To win the competition, communities must:
- Demonstrate a reduction in energy consumption that is sustainable over two years, illustrating significant improvements in adoption rates.
- Demonstrate that their actions are replicable in other communities across the country.
Meet the Colorado competitors:
Aspen – 5,900 people, 220 miles west of Denver
The City of Aspen Canary Initiative’s Climate Action Plan goal aims to reduce Aspen’s greenhouse gas emissions 30 percent by 2020. To win the prize, the City, Holy Cross Energy, SourceGas, and Energy Smart Colorado at the Community Office for Resource Efficiency will offer residents rebates to complete energy efficiency upgrades, help them take control of their utility bills, make their buildings more comfortable and safe, and reduce their environmental impact.
Ryland French, Utilities Efficiency Specialist for the City of Aspen, noted, “We are asking the Aspen community to get involved and help us show Fort Collins, Brighton, and the rest of the nation that Aspen is the leader in smart energy use.” French added, “The local energy savings will make every community competing in the Georgetown University Energy Prize a true winner, but we want Aspen to finish on top, and win that $5 million prize.”
Brighton – 34,000 people, 20 miles north of Denver
Brighton’s vision is to become an environmentally sustainable community by shaping and implementing achievable, multi-faceted and measureable strategies that maximize opportunity and efficiency while minimizing cost. To celebrate the City’s advancement in the Georgetown University Energy Prize competition, there will be a Brighton Sustainable Kick-off Event from 10 a.m. – 2 p.m. Saturday, February 21 at the Brighton Armory Performing Arts Center.
“Brighton is a sustainable and livable city. We have three pillars of sustainability – economic viability, environmentally sound, and social equity. Being a semifinalist in the Georgetown University Energy Prize brings Brighton one step closer to achieving our energy reduction goals. This allows the City to continue to innovate viable resources to make Brighton a sustainable community for years to come,” said City of Brighton Mayor Dick McLean.
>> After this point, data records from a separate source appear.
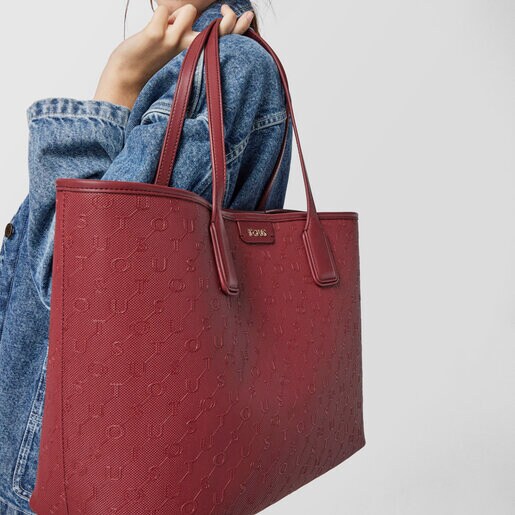 Capazo grande Script Day burdeos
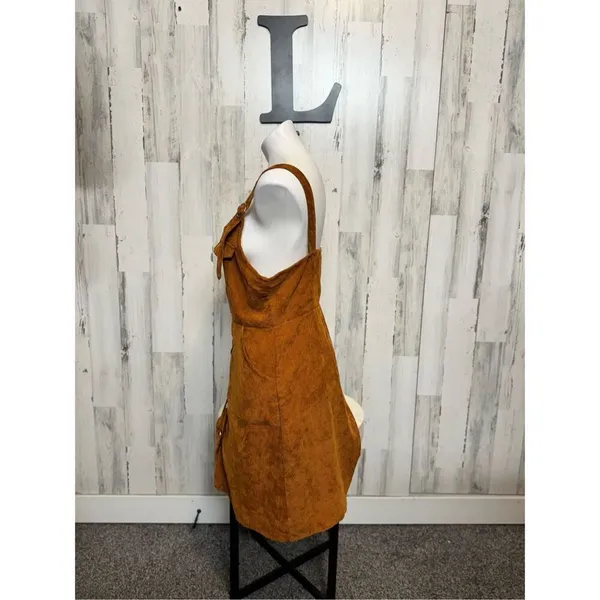 Brown dress size large Brown - Image 6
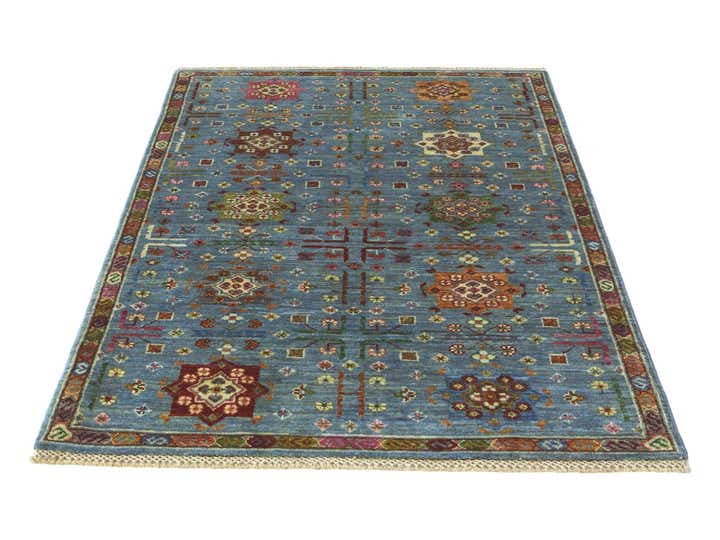 3' 5 x 5' 2 Hand Knotted Ariana Ziegler Rug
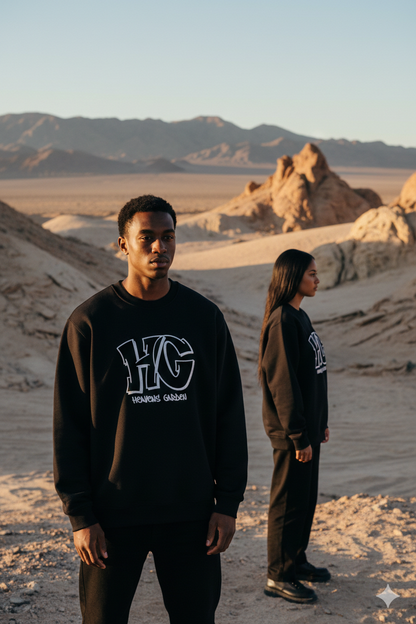 HG Core Logo – Heavyweight French Terry Embroidered Crewneck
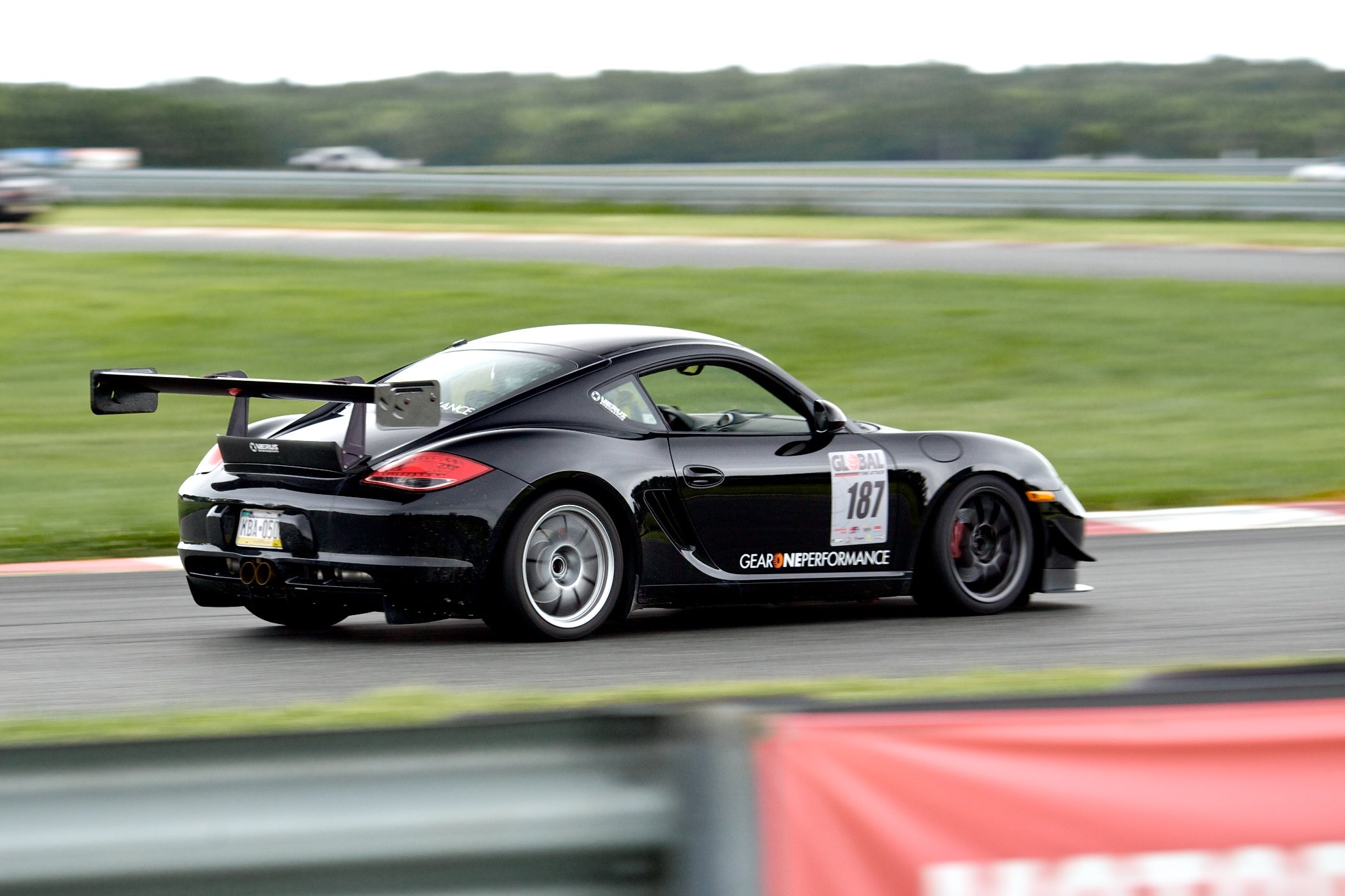 Verus 987 Cayman V1X Rear Wing Kit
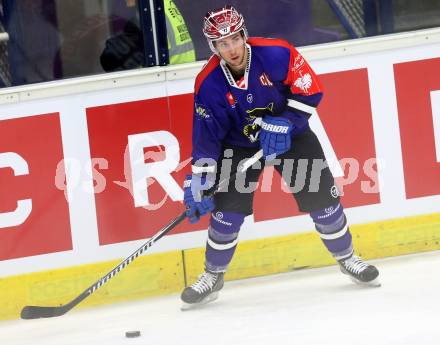 Eishockey. Champions Hockey League VSV gegen Briancon Diables Rouges. Marc Santorelli (VSV). Villach, 4.9.2014.
Foto: Kuess 
---
pressefotos, pressefotografie, kuess, qs, qspictures, sport, bild, bilder, bilddatenbank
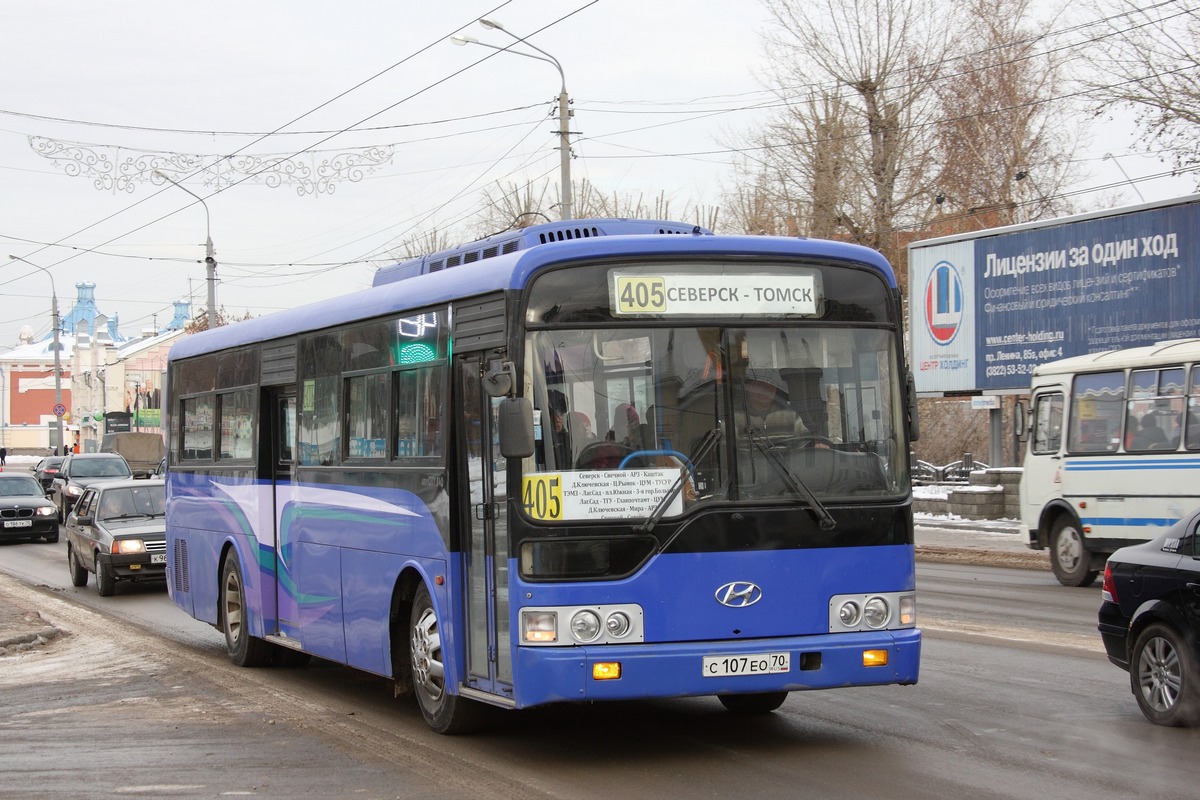 Томская область, Hyundai New Super AeroCity № С 107 ЕО 70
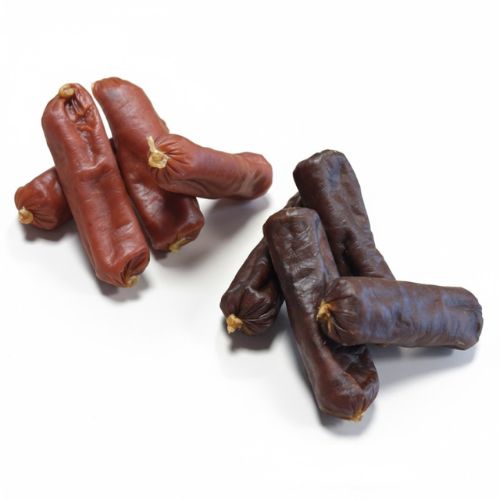 Salchichas de ternera y pollo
Fort Collins – 155,000 people, 60 miles north of Denver
Fort Collins has been recognized nationally as one of the first communities to organize the triple bottom line – the departments of Social Sustainability, Environmental Services and Economic Health – under one service area, known as Sustainability Services. The City also benefits from having its own municipal utility, which was the first municipal utility in the United States to register with the Global Reporting Initiative. The City aims to reduce its greenhouse gas emissions by 80 percent by 2050.
“Fort Collins is already on the national map when it comes to contributing our knowledge about energy conservation and building a community that is resilient to climate change,’” said Fort Collins Mayor Karen Weitkunat. “We appreciate the efforts of Georgetown to take what we all learn from this competition and turn it into best practices that can serve our entire nation.”
About the Georgetown University Energy Prize
The Georgetown University Energy Prize is a multi-million dollar competition that is challenging small- to medium-size towns, cities, and counties to work together with their local governments, residents, utilities, and others to achieve innovative, replicable, scalable and continual reductions in the per account energy consumption of gas and electricity.
Formally launched in April of 2014, the Georgetown University Energy Prize represents years of study and development that brought leading academics together with government officials, industry professionals, and top national and global non-governmental organizations.